Christian Dior Collaborates With the Ghost of Christian Dior
Kim Jones’s reputation as a constant collaborator–a visual artist like Peter Doig one season, Jack Kerouac’s estate and the mood of the Beat Generation another–means that his collections for Christian Dior,
though generally consistent in silhouette and fabrics, take on an element of suspense in the days before each show. He teases things on Instagram, and fashion fans wonder who his muse or co-conspirator will be this time. Earlier this week, we were treated to rhinestones–a chandelier-web of them on a pair of gray gloves and glossy black shoes. It felt like a celebration of fashion itself. What creator is formidable enough to take on that?!
This year marks the 75th anniversary of the house founded by Christian Dior. So for Fall 2022, Jones decided to design the collection solo, kind of: “Kim Jones engages in the ultimate conversation and association,” the press notes read, “with that of Christian Dior himself.” It was basically Jones dancing with the ghost of the master, a spiritual collaboration, if you will. Christian Dior x Christian Dior.
“I wanted to look at the archive, at the purity of the beginnings of the house, at its original impulse,” Jones told GQ. “We looked at the initial collections and focused on the architecture, taking these elements and transforming them almost instinctively in a masculine way for today, always keeping the joie de vivre at the heart of Christian Dior’s clothing.”

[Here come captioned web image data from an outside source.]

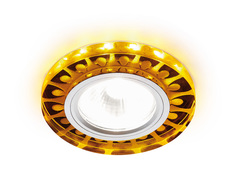 Светильник встраиваемый Ambrella Light Сompo Led, S219 WH/CH/YL, 10W, IP20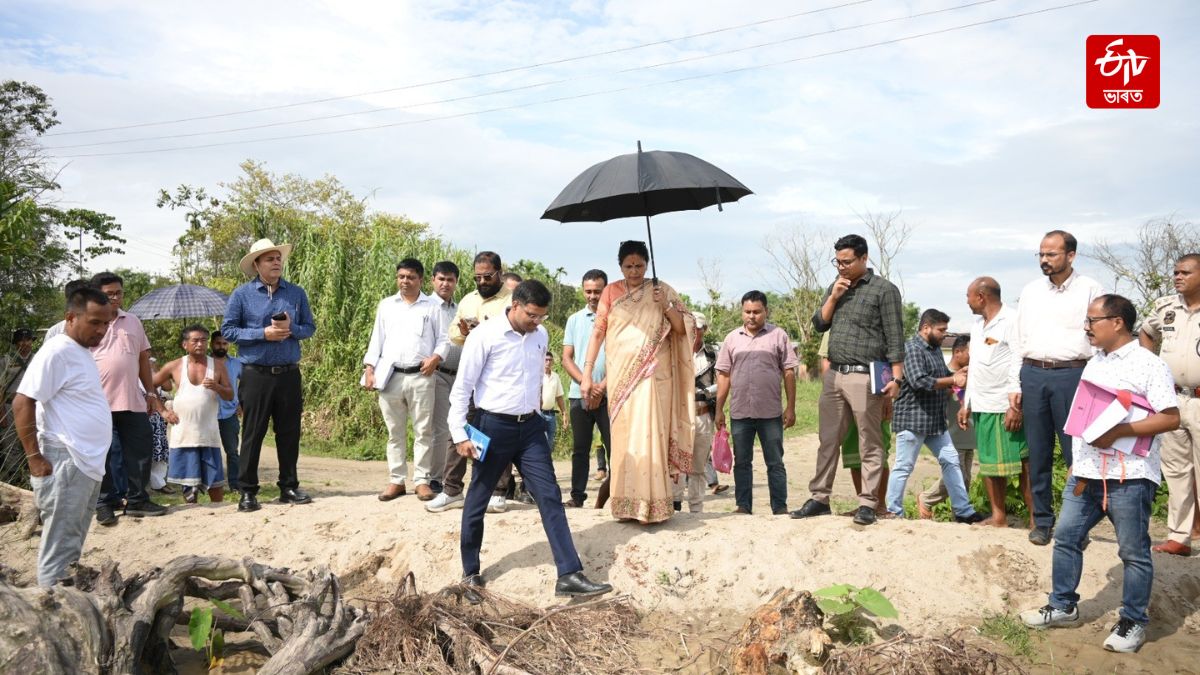 FLOOD AFFECTED AREA VISIT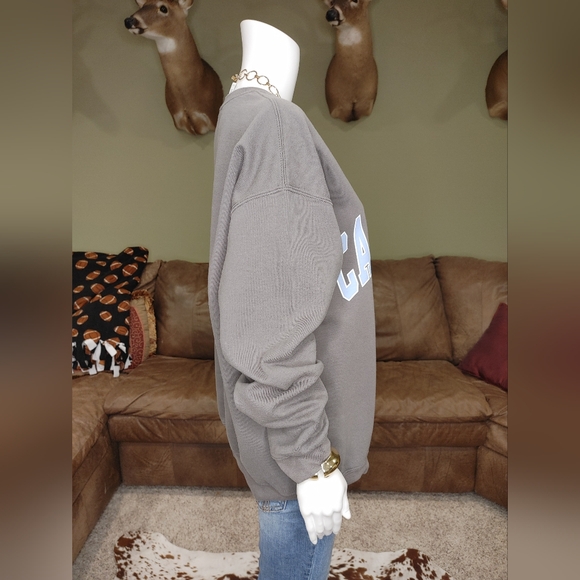 Gildan Carolina Tarheels Gray Sweatshirt L - Picture 3 of 6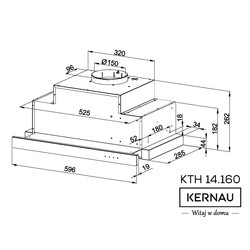 Вытяжки Kernau KTH 14.160 X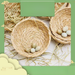Pipa Rabbit Rutin Chicken Breeding Box Supplies Hideaway Nest Parrot Grass Woven Universal For Small Birds_maomaolike.com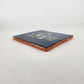 Skeleton Motorcycle Ceramic Tile – Royal Blue 4 1/8" – Mexican Folk Art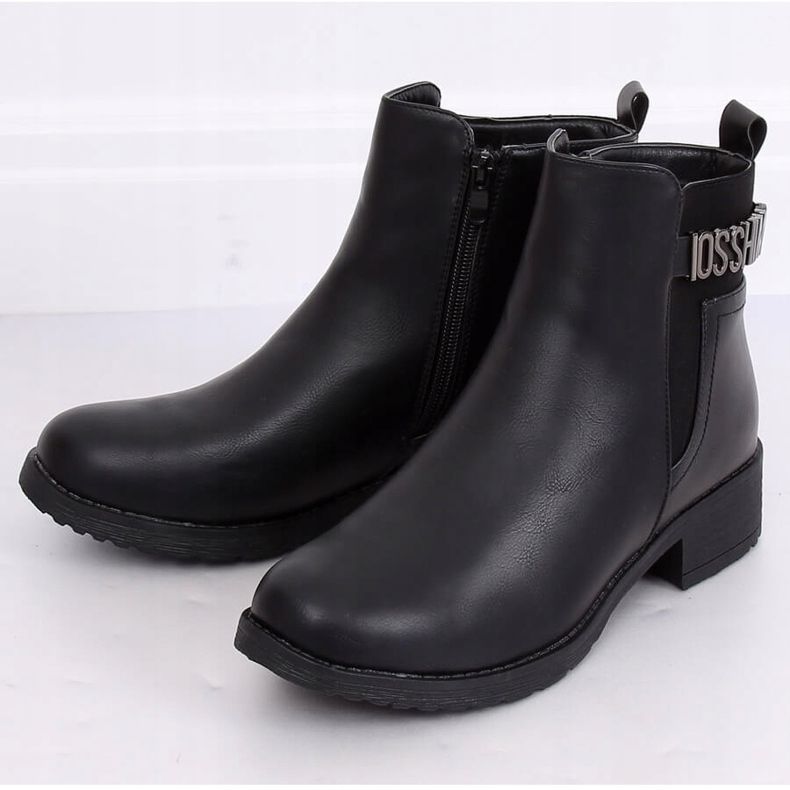 Schwarze schwarze Damenstiefel 1210A-PA Schwarz 1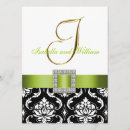 Search for black green white wedding invitations Classic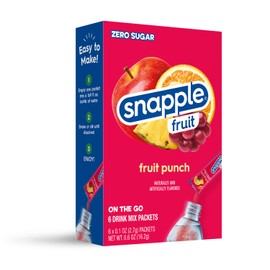 Snapple Fruit Punch Powder Drink Mix - 12 Boxes of 6 Powder Sticks, 72 Sticks total | Zero Sugar | On-the-Go Hydration for Refreshing Beverages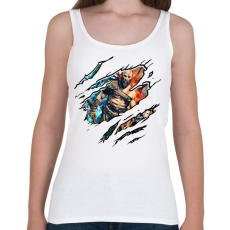 PRINTFASHION God Of War - Női atléta - Fehér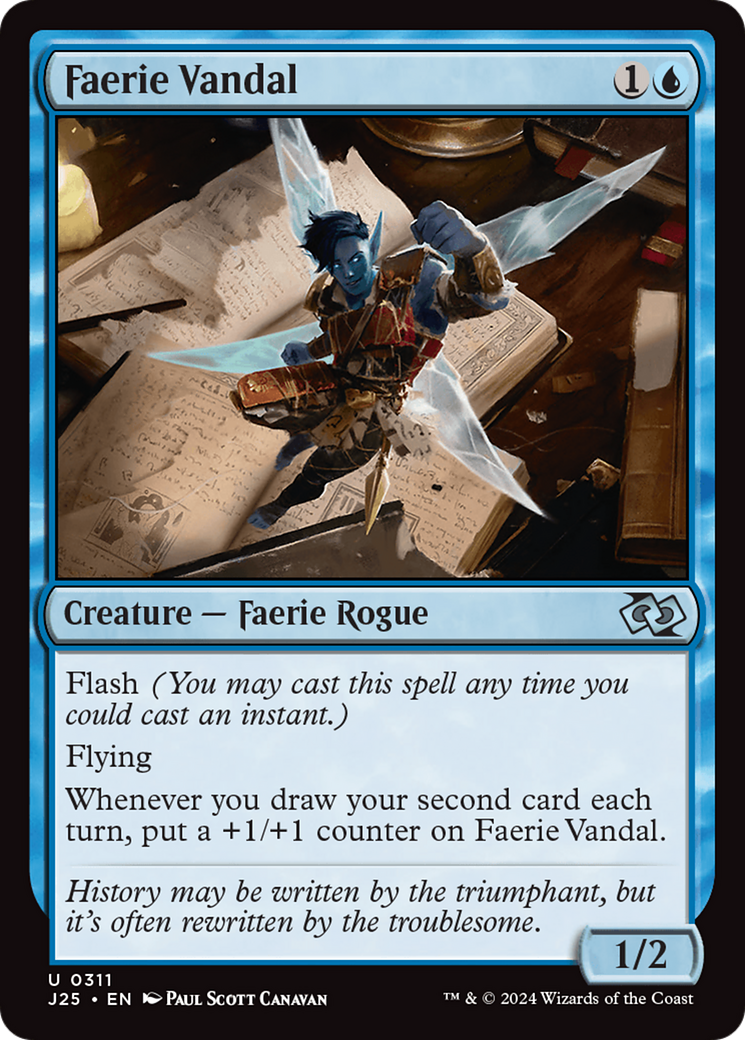 Faerie Vandal [Foundations Jumpstart] | Jomio and Rueliete's Cards and Comics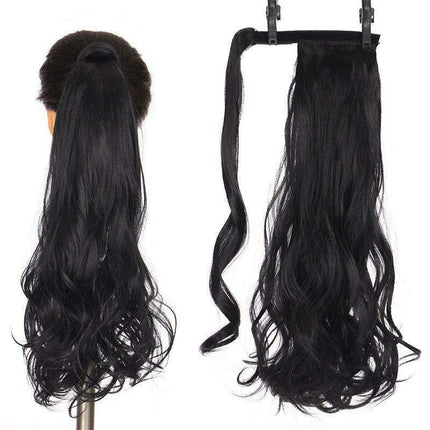 Transformative 24-Inch Magic Sticker Ponytail Extension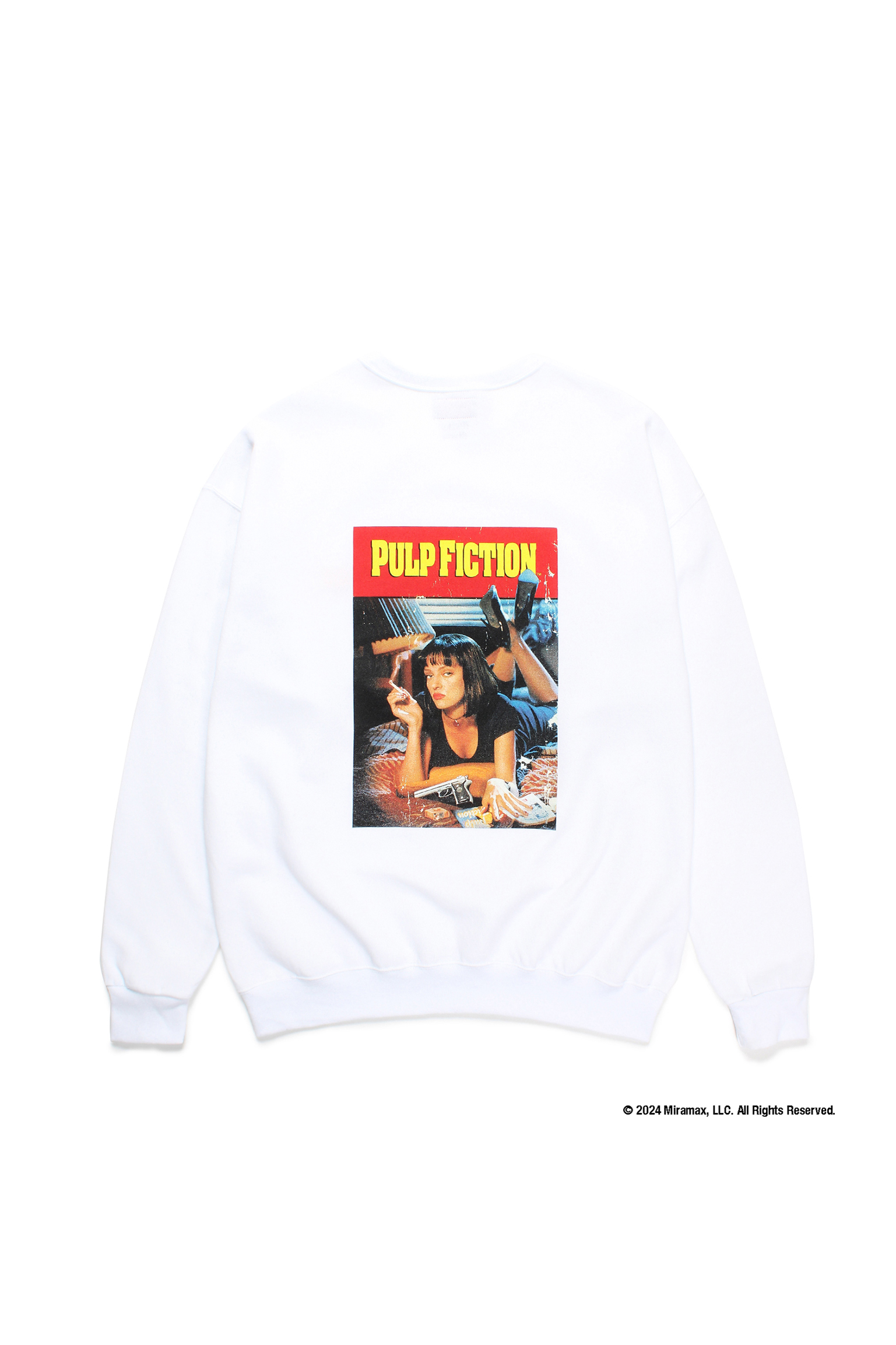 PULP FICTION / CREW NECK SWEAT SHIRT ( TYPE-5 )（WHITE）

Dior is such a heavyweight name in fashion that it can be hard to know precisely what it means–the ideas the designer invented are so powerful, so fundamental to our understanding of luxury and savoir faire, that “Dior” is practically synonymous with fashion. He was a master of silhouette, of embellishment, of spectacle and fantasy; if you close your eyes and think “couture,” what you see is probably a big spangled strapless dress with a little waist and huge skirt, which was basically his bread and butter.
So Jones filled the collection with a few of Dior’s biggest signatures. There is the famous Bar jacket, the architectural “eight” silhouette with a nipped in waist and padded hips, reinterpreted for men with a softened wrapped shape. Dior’s beloved gray, the color of the Paris sky on a rainy day, was the foundation of the collection’s palette. The collection took place on a set modeled after a Paris bridge—a metaphor for Jones, but also reminiscent of many of the locations of the Richard Avedon photographs that cemented the Dior image. And then there were many of Dior’s own passions: the rose, the cannage print Dior derived from Parisian cane chairs, and the Lily of the Valley scent the designer loved. Even the Birkenstock collab was a nod to Dior, intended as a modern interpretation of the gardening shoes the designer wore while tending to his beds.
Part of what makes Jones’s approach to Dior so unique is his interest in Dior as a person, and as a personality beyond the huge, glossy name. He was a great reader, a gardener, and a believer in mysticism. He was a romantic, a glutton for textures, volume, and ideas. It makes the enormous spectacle of what Jones is doing, and the overwhelming luxury of the brand, into something human. When fashion is all about the reboot with a new twist, Jones cherishes that there is something everlasting, something classical, about Dior that transcends any one designer’s touch. Jones is a king of cool, and has redefined that word for the house by collaborating with Stussy and spotlighting the young Ghanian artist Amoako Boafo. But his insistence on approaching Dior as a historical figure, rather than as a system of codes to be revitalized by the designer of the moment, may be the most contemporary thing about him.